## SUPPLIED MATERIAL
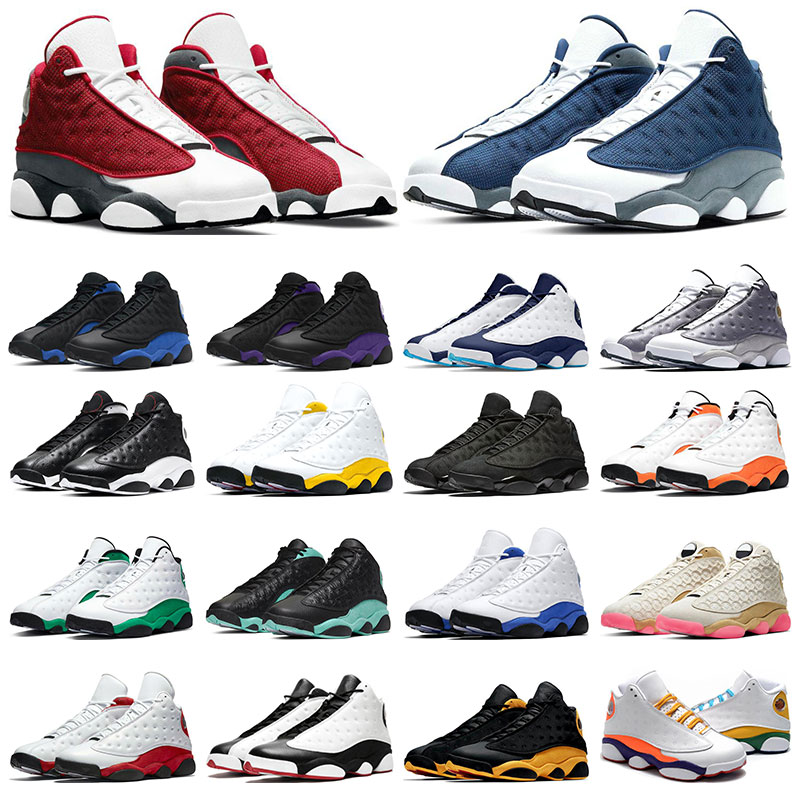 

Mens sneakers Basketball running Shoes 13s 13 Red Flint Hyper Royal Black Cat University Gold He Got Game sports trainers 7-13, 1 university gold
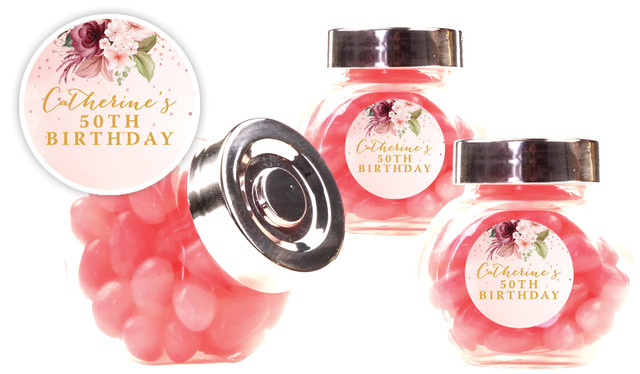 Glitter Balloon Personalised Mini Candy Jar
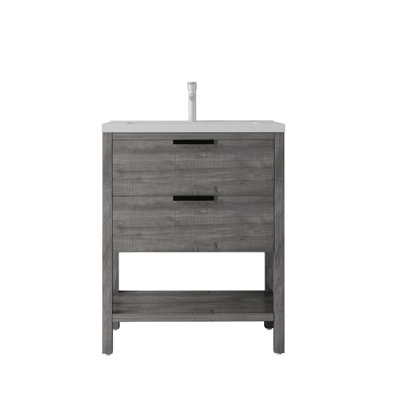 Meuble-lavabo flottant 30 po avec lavabo, porte à fermeture en douceur, lavabo en céramique, contreplaqué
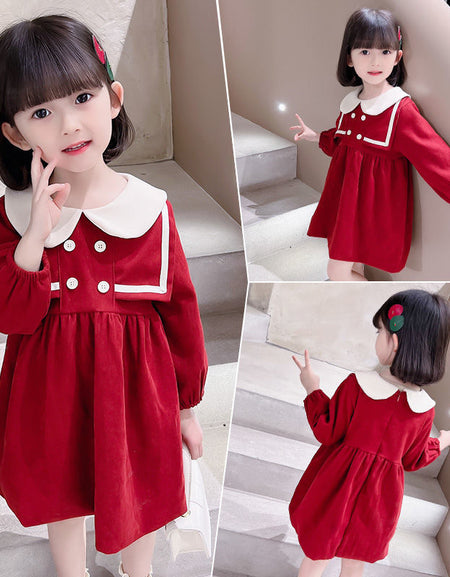 Layered Square Cape Button Day Dress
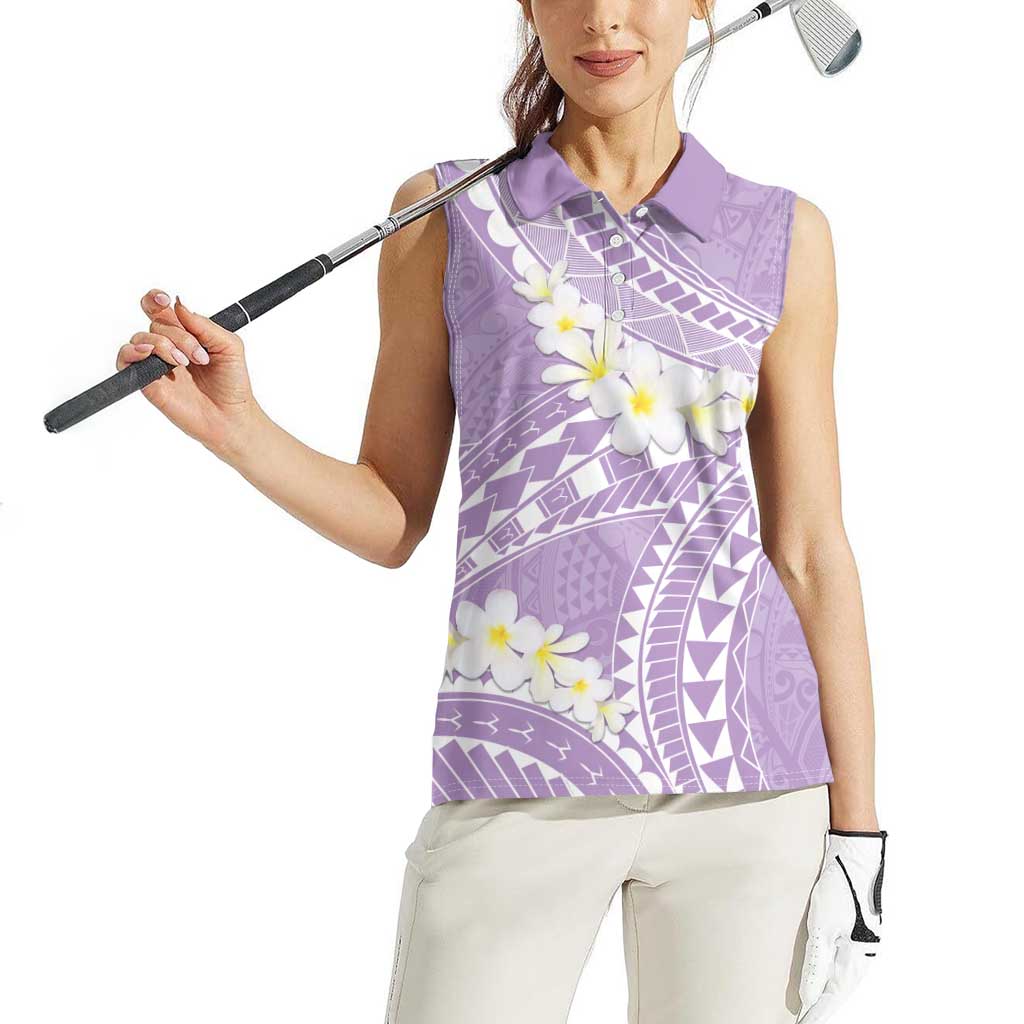 Polynesian Vintage Floral Women Sleeveless Polo Shirt Lavender Motifs - Polynesian Pride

## ASSIGNMENT
Write all the entries again word for word, minus the pictures.

## RESULT
Mens sneakers Basketball running Shoes 13s 13 Red Flint Hyper Royal Black Cat University Gold He Got Game sports trainers 7-13, 1 university gold
 Glitter Balloon Personalised Mini Candy Jar
 Meuble-lavabo flottant 30 po avec lavabo, porte à fermeture en douceur, lavabo en céramique, contreplaqué
 Layered Square Cape Button Day Dress
 Polynesian Vintage Floral Women Sleeveless Polo Shirt Lavender Motifs - Polynesian Pride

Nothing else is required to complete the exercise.